While there’s still plenty of great gay bars and clubs in Miami to visit, nightlife just got real at Basement Miami, the subterranean, after-hours haven at Miami Edition (2901 Collins Avenue, Tel: 786-257-4500. www.editionhotels.com). One of the hottest venues, Basement gets packed to the bone with night revelers dancing, bowling, and skating in the mini-ice rink, though gay clubbers have been making a beeline to YES, a monthly LGBTQ party with live DJs. NYC gay nightlife producer Brian Rafferty celebrated his birthday at the inaugural event kicked off over gay pride. The wild, SCRUFF-sponsored party offers two-for-one drink specials before midnight. Check Basement’s website (www.basementmiami.com) for future event dates.
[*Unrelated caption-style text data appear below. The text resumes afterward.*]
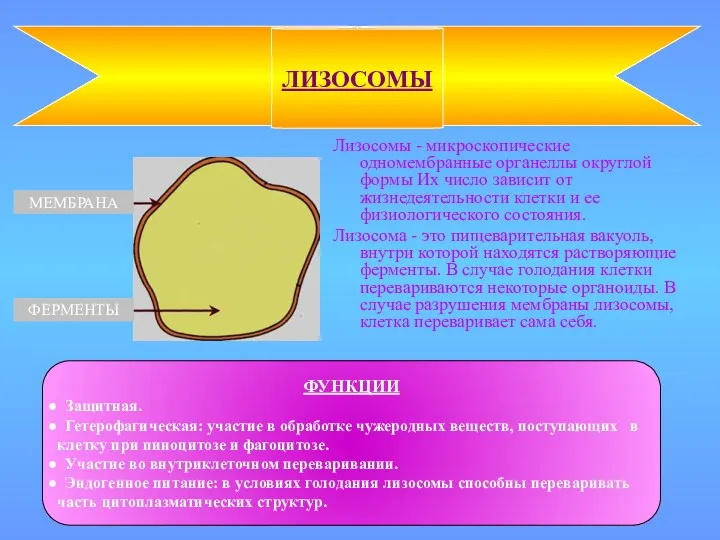 Лизосомы - микроскопические одномембранные органеллы округлой формы Их число зависит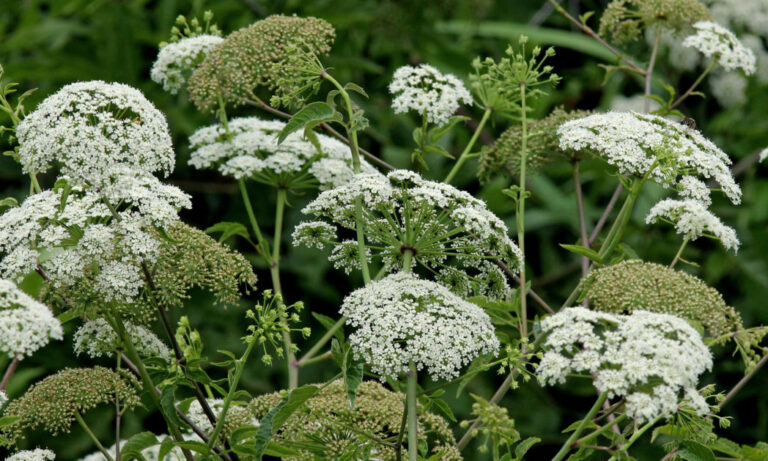 Water Hemlock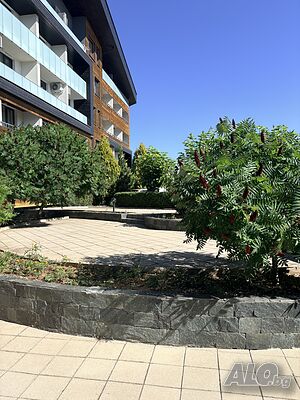image_21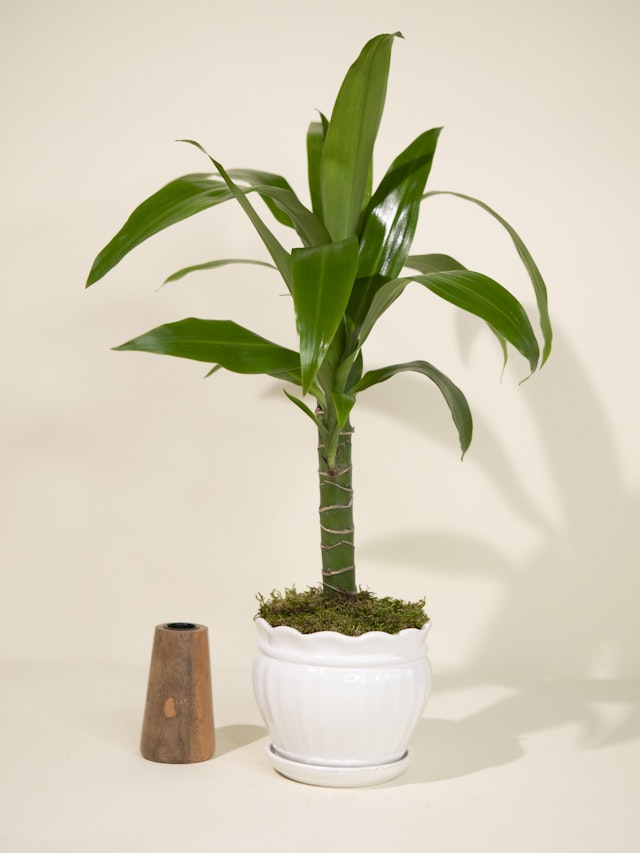 Small Dracaena Lisa Plant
Dining in Miami never fails to impress me, especially with new restaurants that dare to be inventive. The dining scene is so competitive; it was hard for me to choose among at least 15 new and notable restaurants that opened since my last visit a year ago. I have no regrets dining at KYU (251 NW 25th Street, Tel: 786-577-0150. www.kyumiami.com), and it was the first time I traveled to Wynwood not for art. The dimly lit space is unabashedly industrial with high ceilings, blonde tables, stone walls, and artfully exposed everything (pipes, poles, duct vents). There’s an eco-vibe with plotted micro-greens on every table, and stacks of firewood used for the wood-fired oven, while handsome, hipster-ish waiters buzz around in white aprons and baseball caps. I can’t imagine KYU anywhere but Wynwood. While it’s yet another “Asian” restaurant in Miami where there’s no Asian chefs in the kitchen, I realize the team is not going for authenticity. They’re aiming for progressive Asian in an honorable, creative way. Dishes felt prepared with reverence, as if chef Michael Lewis (who worked at high-end Zuma and nine years with Jean-Georges Vongerichten) wanted to show how time spent traversing Asian countries truly inspired him. Shareable plates range from crispy hamachi to juicy, perfectly brined and seasoned fried chicken, but the stone-fried rice is the highlight, cooked in a hot stone bowl with a crisp, crunch, and sweetness from herbal tea sauce and king crab.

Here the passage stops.